Sunday, August 8, 2010

Going Green

New one is a collection of greens and beiges, sort of like my all beige one a while back, playtime with shading.

Here is the collection of yarns.


I'm using the Revontuli (Northern Lights) shawl pattern, one of my go-to patterns, as the basis. However, I'm playing around with adding garter and yarn-over rows to give it a less uniform look.

The pattern uses a notation system which I'm less familiar with, and every single time I start it, I get it wrong. However, I'm used to that by now, and it is easily discovered early on, so I just expect some kind of initial mistake anymore. 

Here's the start (after figuring the correct version out). One of the gratifying features of this pattern is that one makes progress at the beginning very quickly.


Here are some closer looks.




Here is how I like to do this pattern, to minimize the counting.
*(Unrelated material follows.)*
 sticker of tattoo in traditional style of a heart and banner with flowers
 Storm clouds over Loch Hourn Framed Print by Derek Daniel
The red arrows point to my ring markers, red for decrease and blue for increase. (I use a mnemonic of the red being hot enough to melt the stitches together. Oddly enough, this works for me.) I put the red just before the middle stitch of the double decrease, and then move it each time. However, the blue is just before the middle stitch, and I increase on the stitch before the marker, then on the one past the middle stitch, so this marker just needs to be slipped each time.
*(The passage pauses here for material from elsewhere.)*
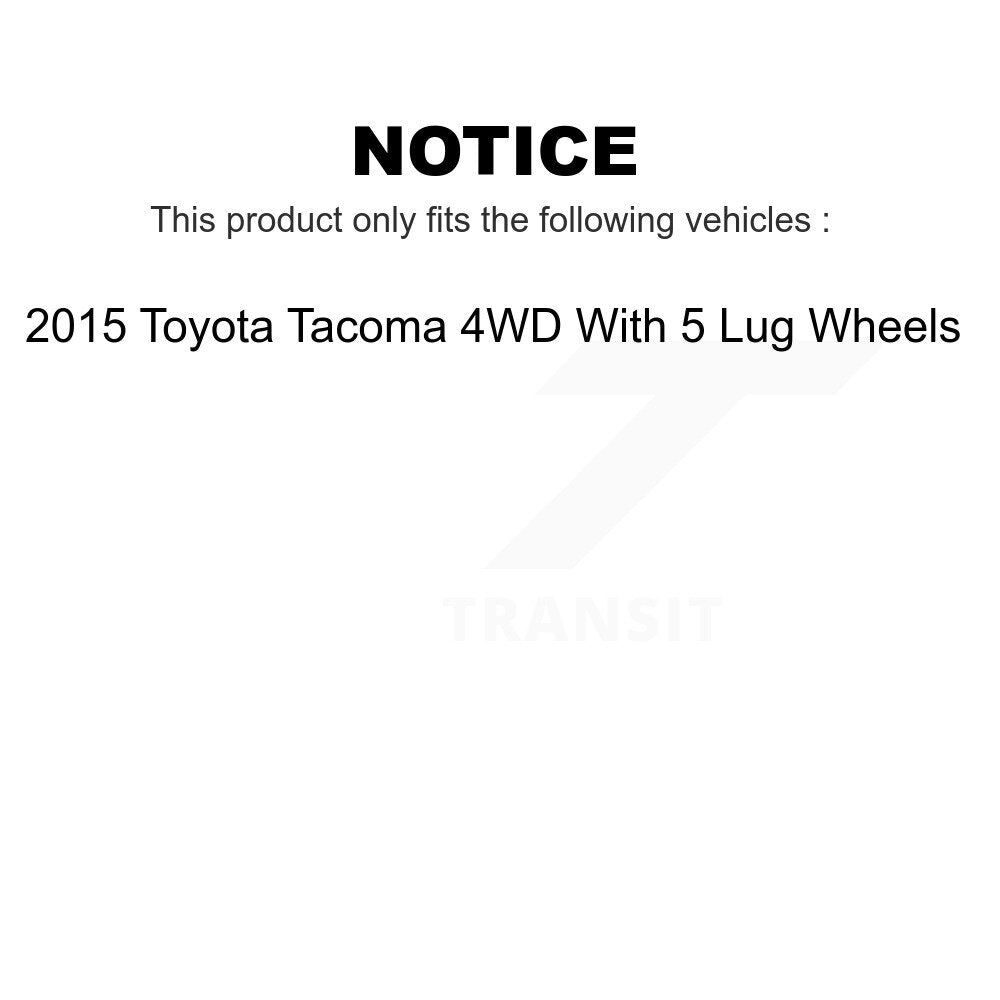 Front Rear Disc Brake Rotors Drums Kit For 2015 Toyota Tacoma 4WD With 5 Lug Wheels K8-102110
The yellow shows the yarn tails woven in and out of the rows, to keep the markers from jumping off the needle.

I also use a marker between the first and second stitch of the right side row, and then weave the tail in on the increase row, and out on the two maintain rows. Then I can always look here to know if I'm supposed to increase or not.

So....no counting needed.

In theory, at least. Every once in a while I count between the markers just to make sure I didn't forget something somewhere. I usually have....so I just compensate in that row. This pattern doesn't need elaborate fixes, which is another wonderful feature of it.